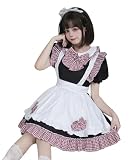 [AOTYP] メイド服 コスプレ コンカフェ メイド チェック柄 ショート丈 メイドコスチューム ハロウィン仮装 レディース ギンガムメイド 一式 こすぷれ イベント パーティー 大人 ハロウィン 学園祭 撮影 オタクダンス 白赤 S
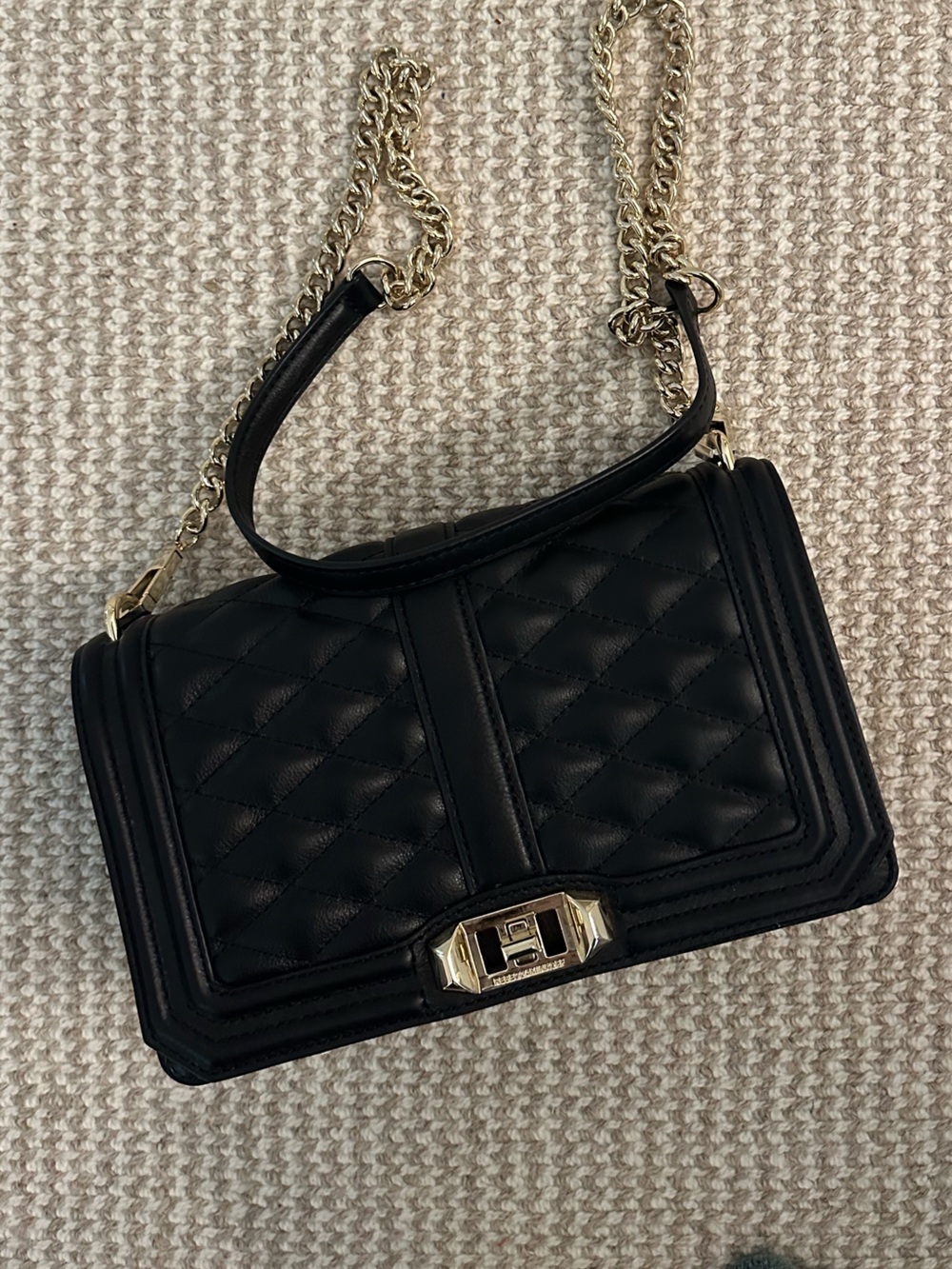 Rebecca Minkoff Black Quilted Leather Shoulder Bag with Gold Chain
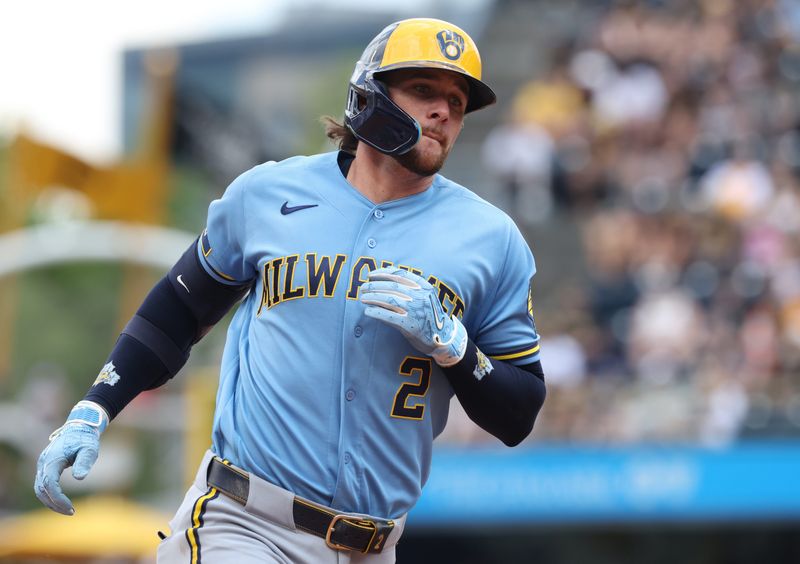 Milwaukee Brewers second baseman Brice Turang (2) circles the bases on a two run homer run against the Pittsburgh Pirates during the eighth inning at PNC Park on July 12, 2026.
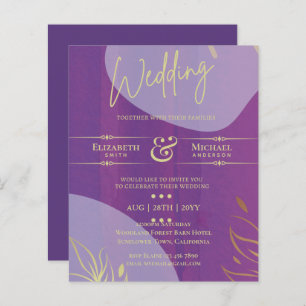 BUDGET Wedding Invite Lavender Purple Gold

== == ==

Task requirements -
Every line from the one containing "Rebecca Minkoff Black" to the last line of the material must be returned exactly. Leave out any pictures.

Exercise answer -
 Rebecca Minkoff Black Quilted Leather Shoulder Bag with Gold Chain
 Milwaukee Brewers second baseman Brice Turang (2) circles the bases on a two run homer run against the Pittsburgh Pirates during the eighth inning at PNC Park on July 12, 2026.
 BUDGET Wedding Invite Lavender Purple Gold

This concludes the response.